Just to sum up, mostly for my own reference, but I thought others might find it useful. (I am new to the site, so please excuse me if this shouldn't be an answer...)
First some preliminary notions:
For a topological space $X$, an $n$-simplex in $X$ is a continuous map $\Delta^n \to X$ from the standard geometric $n$-simplex $\Delta^n$ into $X$. The maps $d^i: \Delta^{n-1} \to \Delta^{n}$, sends $\Delta^{n-1}$ to the face of $\Delta^n$ sitting opposite the $i$th vertex of $\Delta^n$.
An ordered $n$-simplex is a partially ordered set $n_+ = \{ 0 < 1 < \cdots < n \}$. The $n+1$ elements of $n_+$ is called the vertices of $\sigma$. The subsets of $n_+$ are called the faces of $\sigma$. There are morphisms of simplices $d^i: (n-1)_+ \to n_+$ called coface maps, given by $d^i((n-1)_+) = \{ 0 < 1 < \dots < î < \cdots < n \}$ omitting the $i$th vertex of $n_+$.
Then for the two homologies:
The singular (unreduced) chain complex on a space $X$, is the chain complex
$$\cdots \xrightarrow{\partial_{n+1}} C_n(X) \xrightarrow{\partial_n} C_{n-1}(X) \xrightarrow{\partial_{n-1}} \cdots C_1(X) \xrightarrow{\partial_1} C_0(X) \to 0$$
where $C_n(X)$ is the free abelian group $\mathbb{Z}[S_n(X)]$ generated by the set $S_n(X) = \{ \sigma : \Delta^n \to X \}$ of all $n$-simplices in $X$ (i.e. the set of all continuous maps $\Delta^n \to X$).
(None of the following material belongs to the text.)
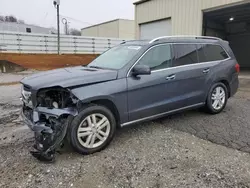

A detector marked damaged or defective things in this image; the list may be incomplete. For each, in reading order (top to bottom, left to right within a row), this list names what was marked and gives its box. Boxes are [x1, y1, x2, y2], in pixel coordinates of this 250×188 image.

crumpled hood [20, 66, 117, 89]
damaged gray suv [21, 36, 238, 161]
detached front bumper [20, 106, 77, 162]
The boundary maps $\partial_n : C_n(X) \to C_{n-1}(X)$ is given by $\partial_n (\sigma) = \sum_{i=0}^{n}(-1)^i \sigma d^i : \Delta^{n-1} \to \Delta^n \to X$.
The $n$th homology group $H_n(X) = \ker(\partial_n) / \text{im}(\partial_{n+1})$ of this complex is the $n$th singular homology group of $X$.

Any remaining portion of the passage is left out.